Aujourd’hui et pour ma première interview, j’ai choisi de recevoir l’auteur Éric Pintus que j’ai découvert en début d’année avec son excellent album Je t’ai vu aux éditions Didier Jeunesse. Ensuite, c’est Héloïse Mab, une illustratrice dont je suis le travail depuis des années, qui est l’invitée de la rubrique Quand je crée.
L’interview du mercredi : Éric Pintus
Pouvez-vous nous parler de Je t’ai vu votre dernier album ? Comment est-il né ?
C’est une blague qui, quand je l’ai entendue, m’a bien fait rire. Puis réfléchir.
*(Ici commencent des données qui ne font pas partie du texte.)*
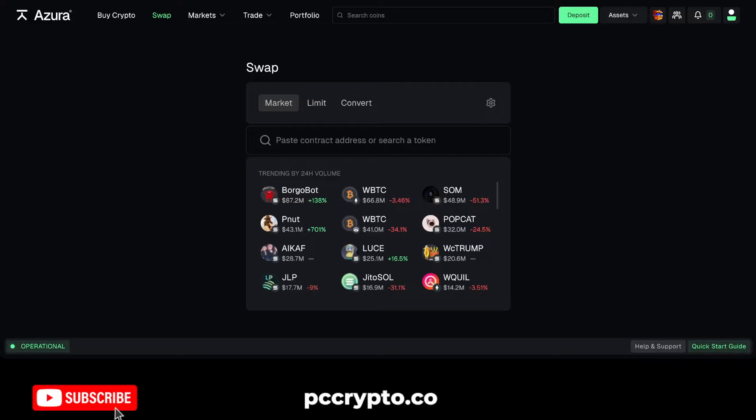In this video we're going to talk about Azura, which is a new platform for trading different coins on different blockchains. It's pretty interesting because they do different filtering and basically make discovering new coins pretty easy.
J’ai tout de suite pensé à la mettre en album — suite à Faim de loup —, mais comment transcrire en langage châtié la dernière réplique du loup qui tient en cinq mots, et que la bienséance m’empêche de répéter ici ? Les années passent… Suite à une après-midi d’enregistrement pour Didier Jeunesse, en terrasse avec sa directrice et mon éditrice, un peu fatigué mais toujours prêt à raconter des histoires, je leur balançais la blague. Et elles, en chœur : chiche !
Comment s’est passée cette nouvelle collaboration avec Rémi Saillard ?
Je n’interviens pas dans le travail de Rémi, comme il n’intervient pas dans le mien. Mais c’est toujours avec une joie d’enfant que je vois arriver ses premiers crayonnés qui mettent des images là où je n’avais que des mots. Rémi Saillard : sacré gaillard.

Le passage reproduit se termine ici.